What Is Return On Capital Employed (ROCE)?

If you haven't worked with ROCE before, it measures the 'return' (pre-tax profit) a company generates from capital employed in its business. The formula for this calculation on Werner Enterprises is:

Return on Capital Employed = Earnings Before Interest and Tax (EBIT) ÷ (Total Assets - Current Liabilities)

0.076 = US$213m ÷ (US$3.1b - US$303m) (Based on the trailing twelve months to March 2023).

So, Werner Enterprises has an ROCE of 7.6%. In absolute terms, that's a low return and it also under-performs the Transportation industry average of 14%.

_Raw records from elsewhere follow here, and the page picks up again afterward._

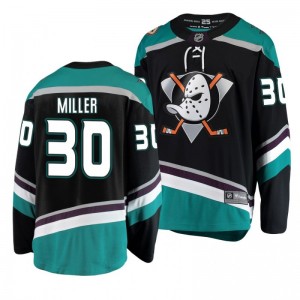 Youth Ryan Miller Ducks Black Alternate Breakaway Player Fanatics Branded Jersey - Sale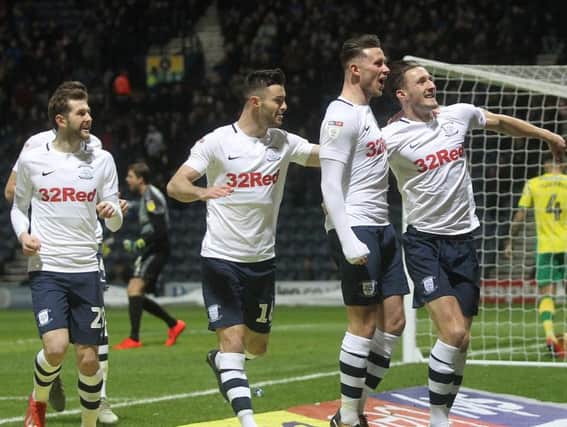 Ben Davies celebrates his early goal against Norwich on Wednesday night
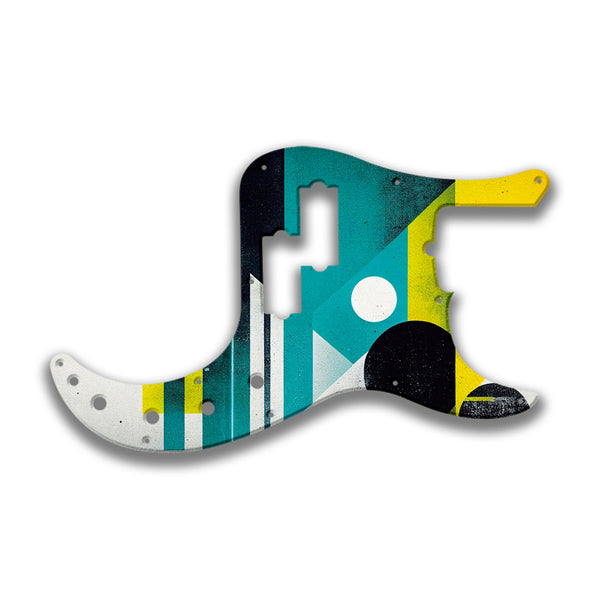 Fender Fender P Bass American Deluxe 21 Fret (2010+) Profile Custom Pickguard Scratchplate ABSTRACT Design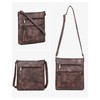 MASINTOR Crossbody Purses for Women, Multi Pocket Casual Crossbody Bag,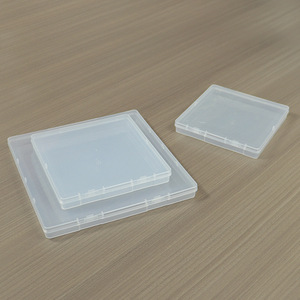 Transparent Plastic Square <b>Storage</b> <b>Box</b> 18mm PP Covered Office Organizer for Card <b>Document</b> Electronic Component Desktop Use - Product Image 4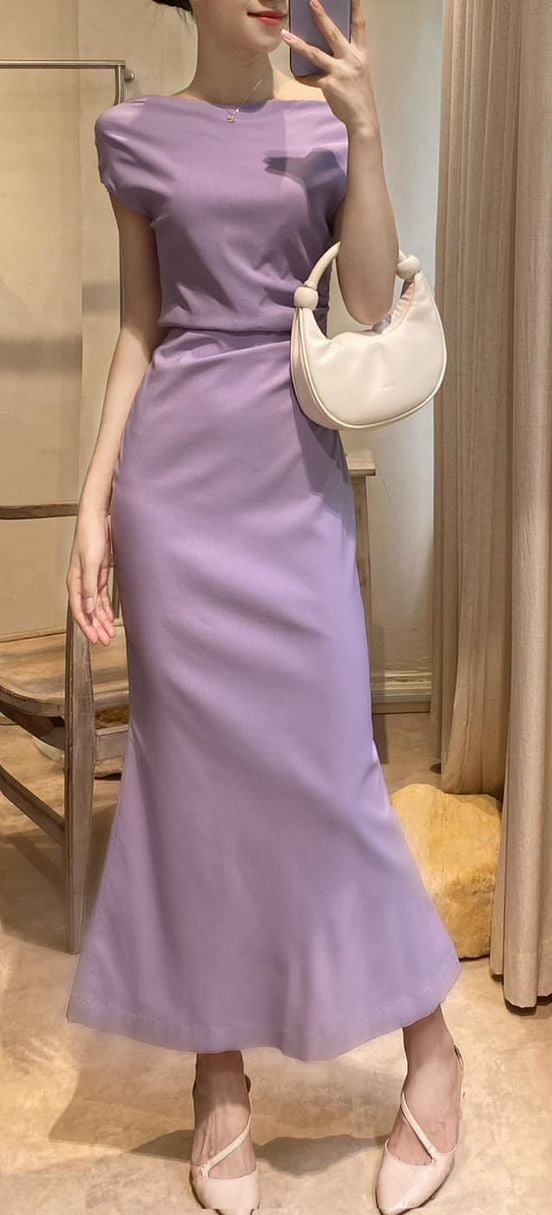  Zoey Dress - Đầm Lệch Vai Nhấn Eo D982 
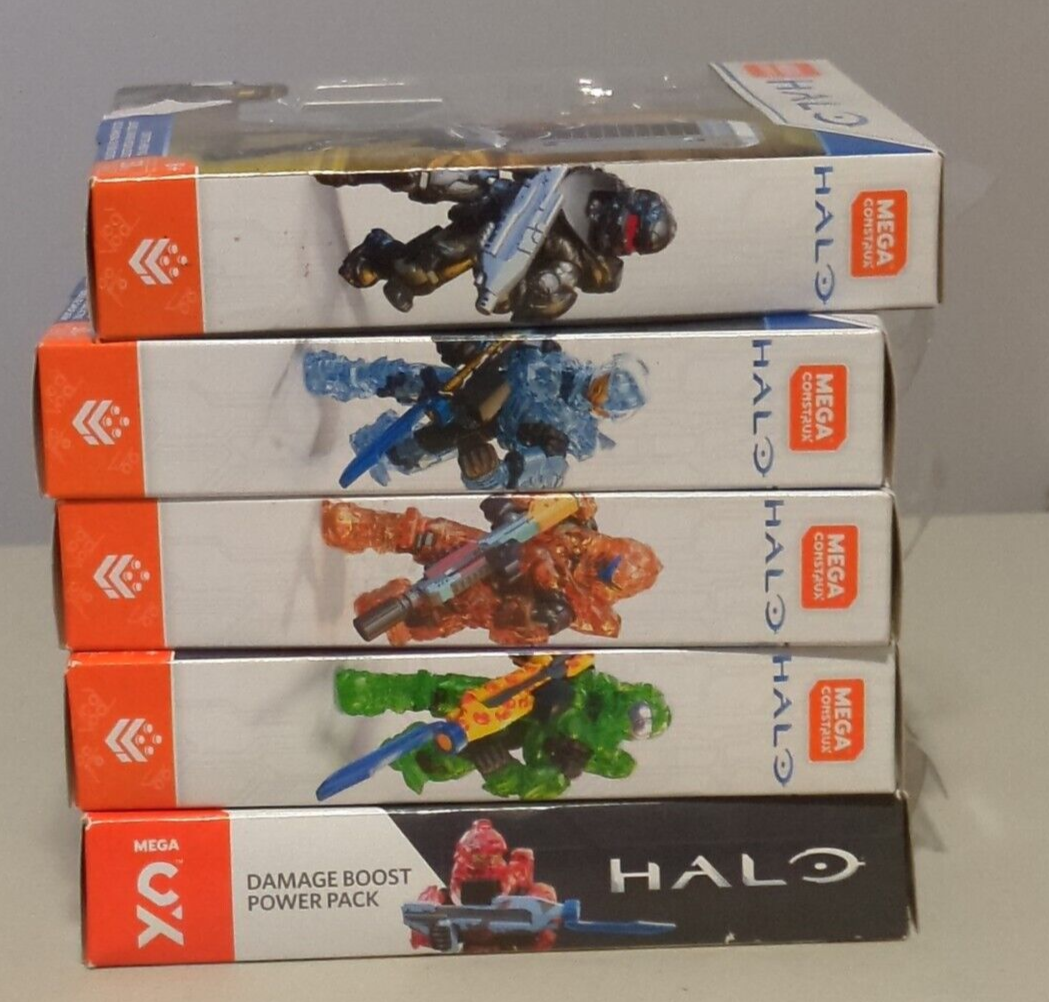 Mega Construx Halo Power Pack & Armor Pack FPJ24, FMM83, FVK10, FPJ25, GCM31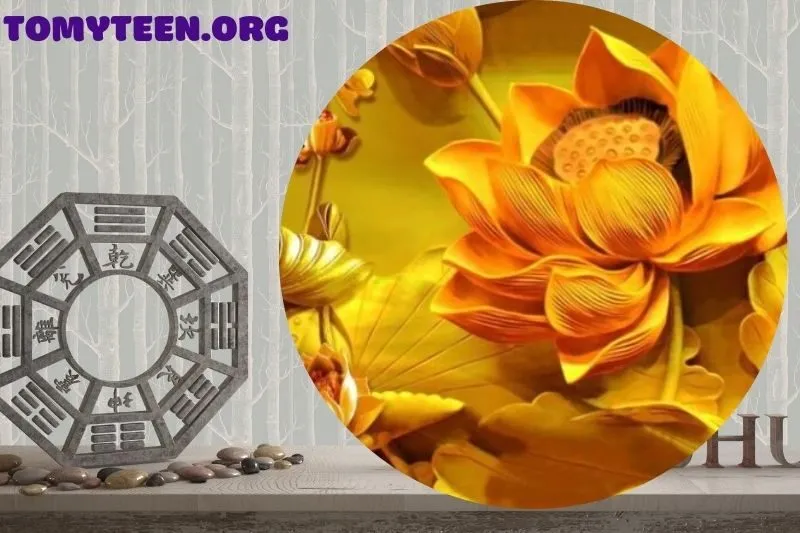 Ý nghĩa phong thủy của tranh bông sen vàng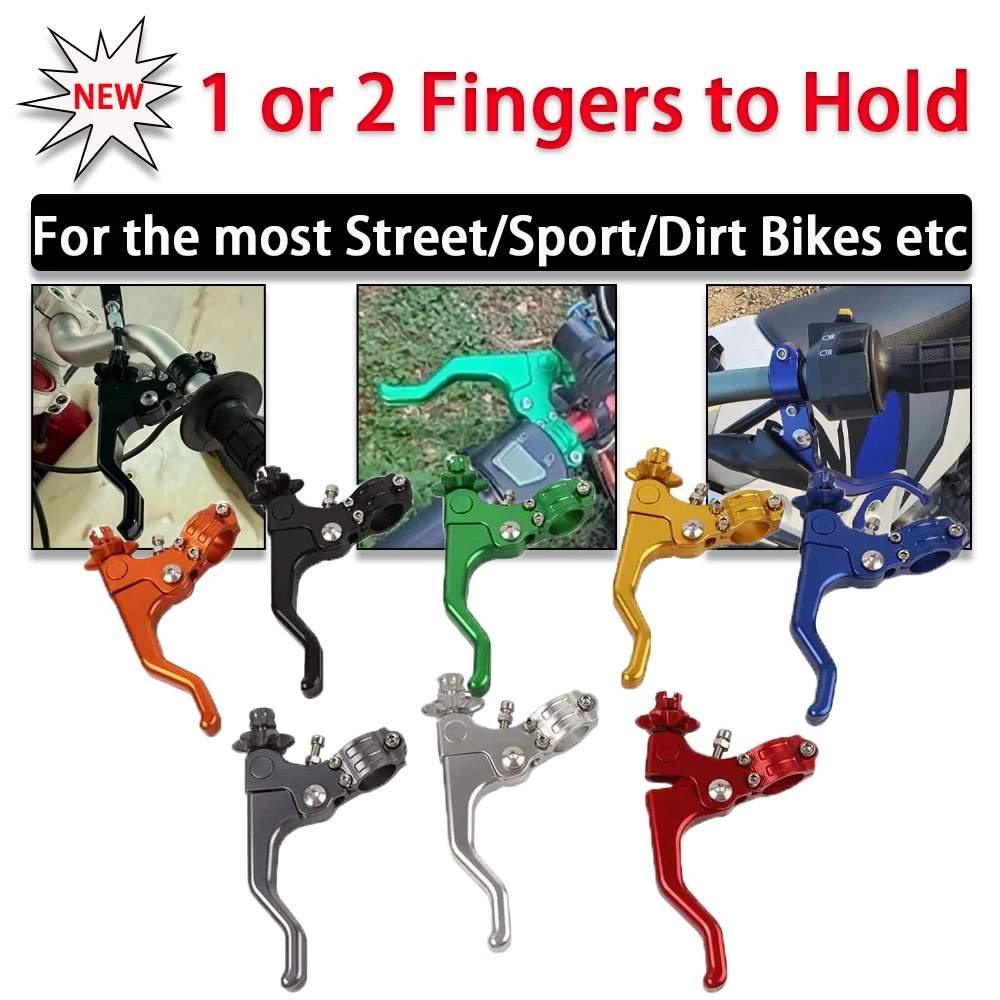 

22mm 7/8" Handlebar Motorcycle Accessories Short Stunt Clutch Lever For Honda CBR Kawasaki KLX Suzuki Yamaha YZ Ducati Dirt Bike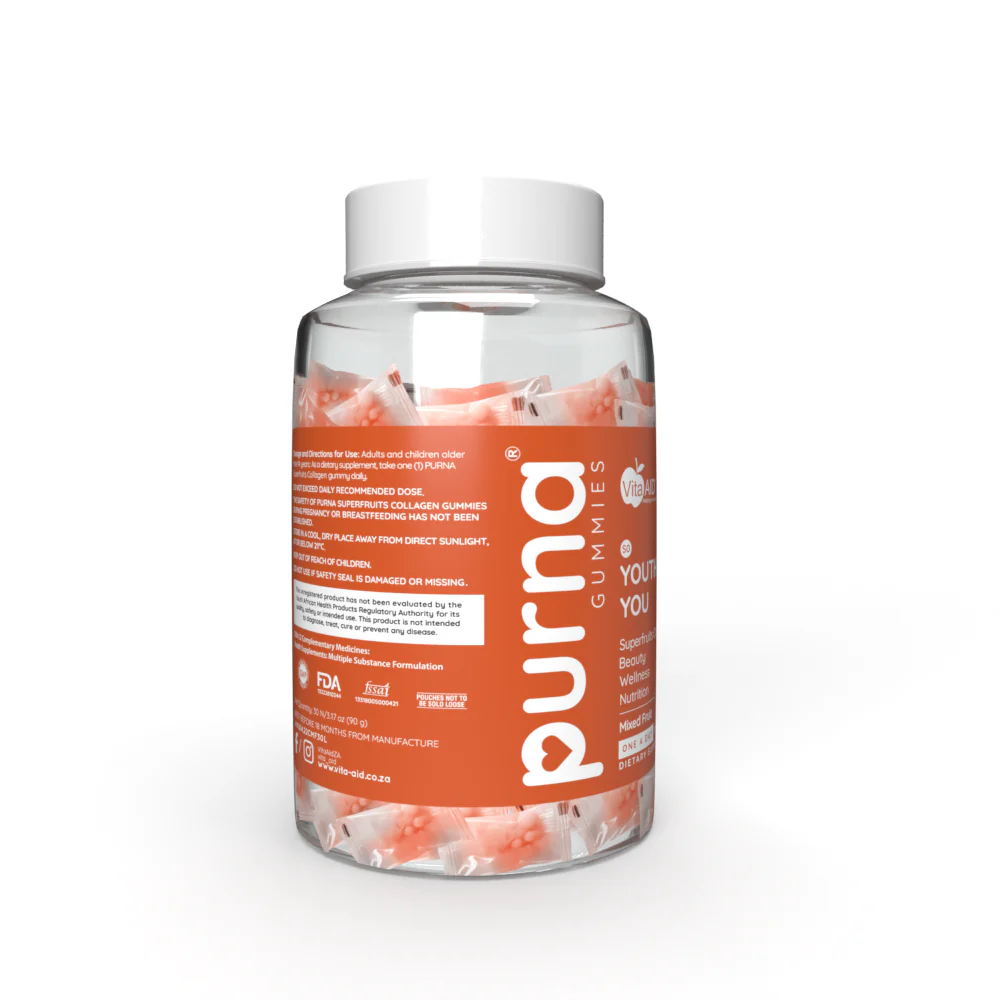 Vita-Aid - PURNA Youthful You Collagen Builder Multifruit 30s - Image 2
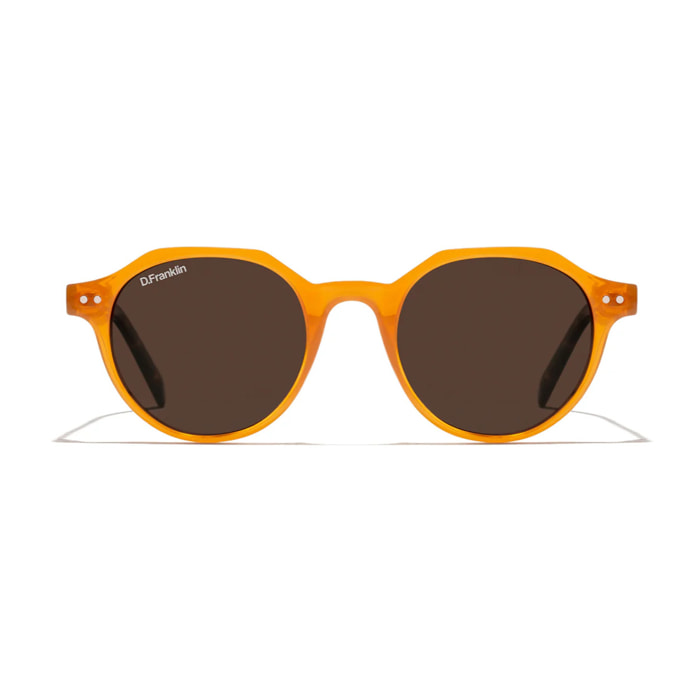 Gafas de Sol Ultra Light S Round Amber / Brown D.Franklin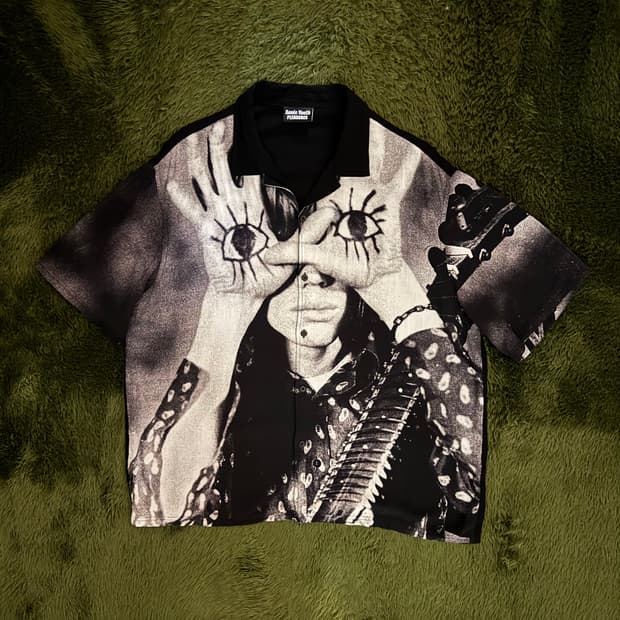 [XL] PLEASURES 플레져스 X 소닉 유스 오픈카라 레이온 셔츠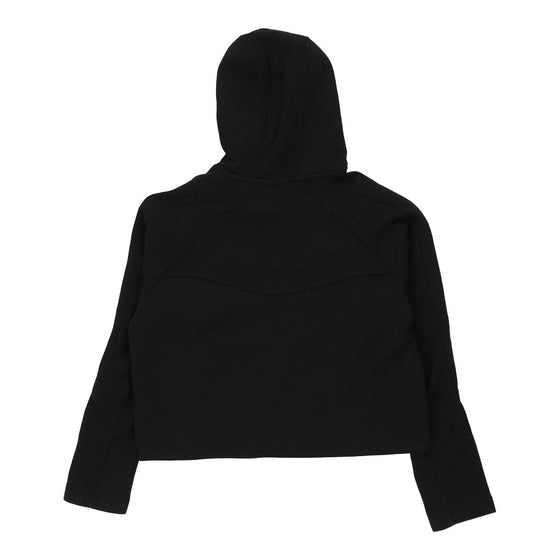 Puma Cropped Hoodie - Medium Black Cotton Blend hoodie Puma   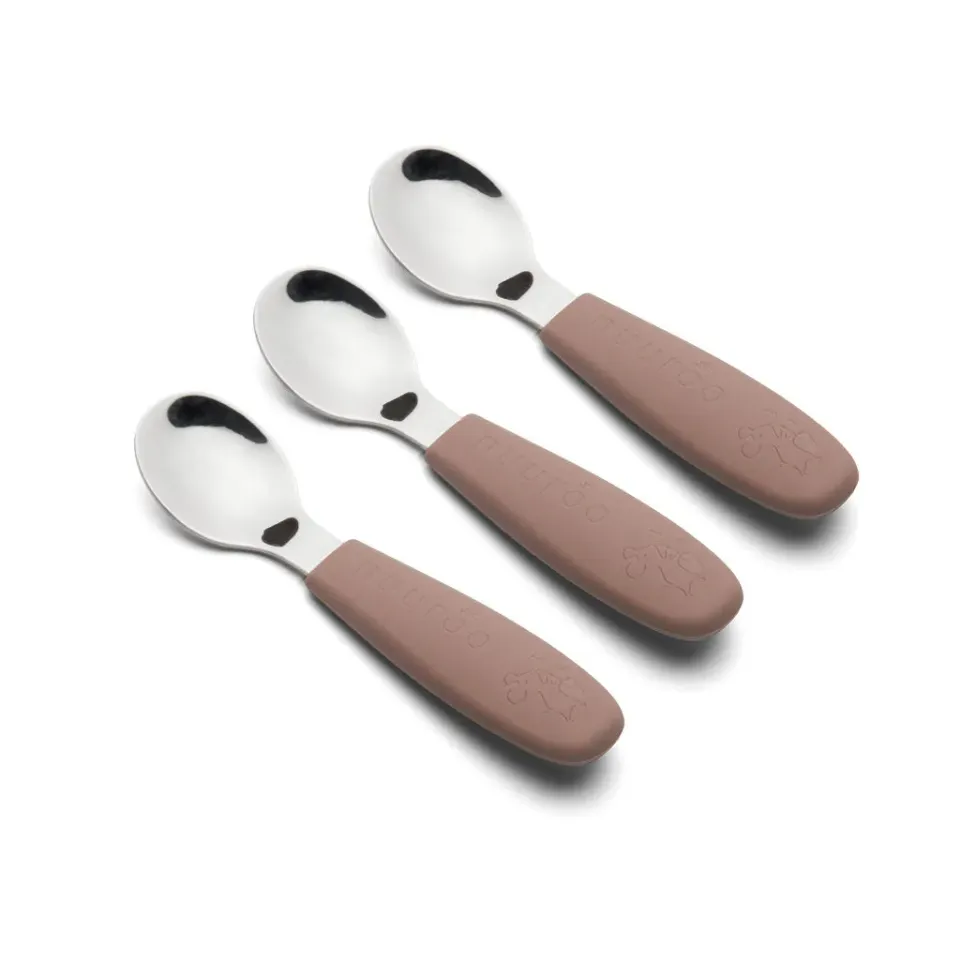 nuuroo Theodor børneskeer Chocolate malt 13 cm 3-pak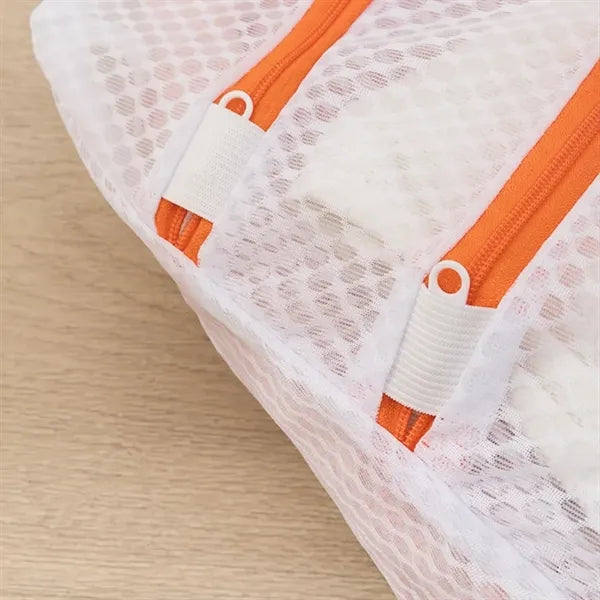Double-Zip Mesh Laundry Bag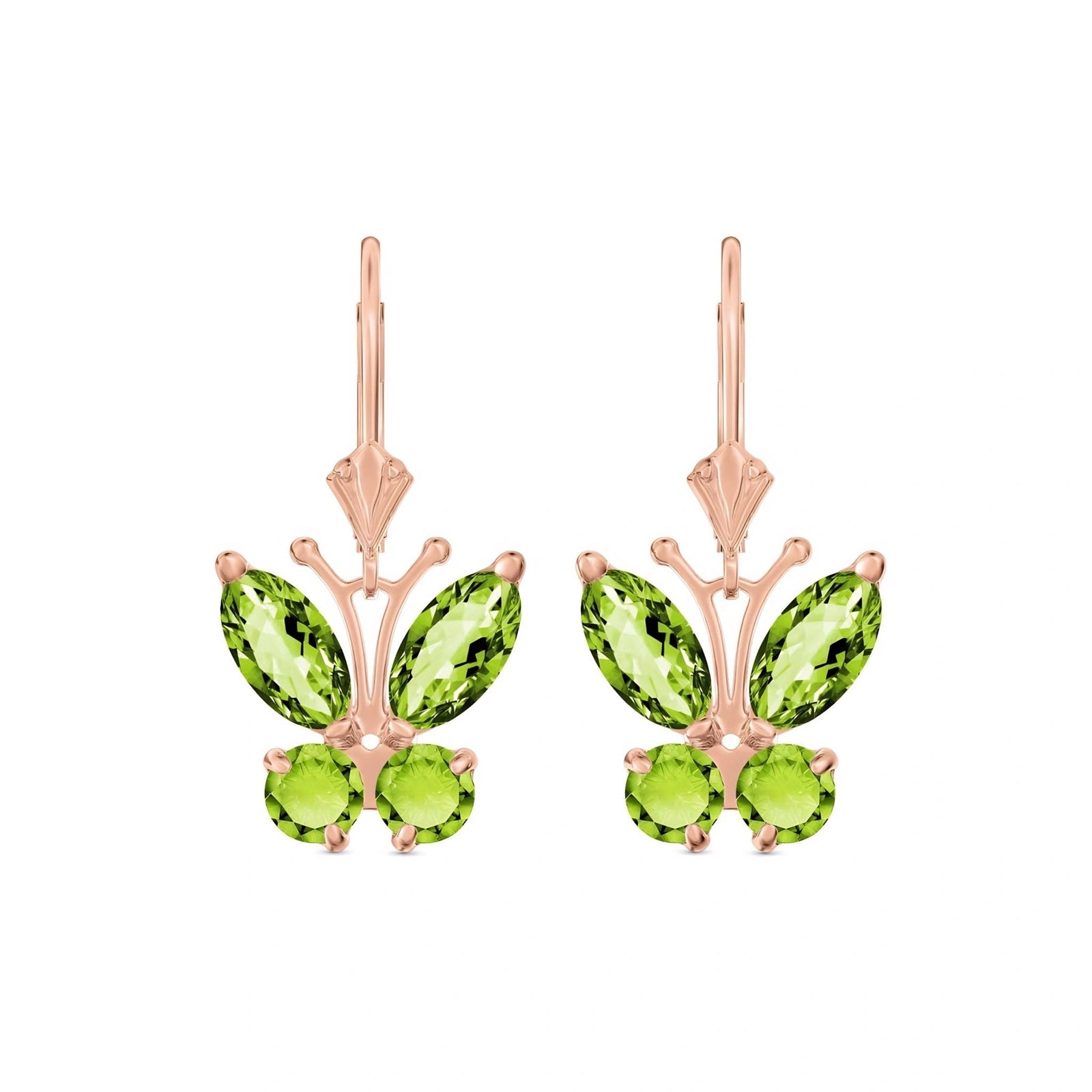 Rose Gold Aura Earrings Blue Topaz 10K — Luciana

See our latest analysis for Werner Enterprises

roce
NasdaqGS:WERN Return on Capital Employed June 28th 2023

Above you can see how the current ROCE for Werner Enterprises compares to its prior returns on capital, but there's only so much you can tell from the past. If you'd like to see what analysts are forecasting going forward, you should check out our free report for Werner Enterprises.

The Trend Of ROCE

The returns on capital haven't changed much for Werner Enterprises in recent years. Over the past five years, ROCE has remained relatively flat at around 7.6% and the business has deployed 75% more capital into its operations. This poor ROCE doesn't inspire confidence right now, and with the increase in capital employed, it's evident that the business isn't deploying the funds into high return investments.

In Conclusion...

In conclusion, Werner Enterprises has been investing more capital into the business, but returns on that capital haven't increased. Since the stock has gained an impressive 41% over the last five years, investors must think there's better things to come. But if the trajectory of these underlying trends continue, we think the likelihood of it being a multi-bagger from here isn't high.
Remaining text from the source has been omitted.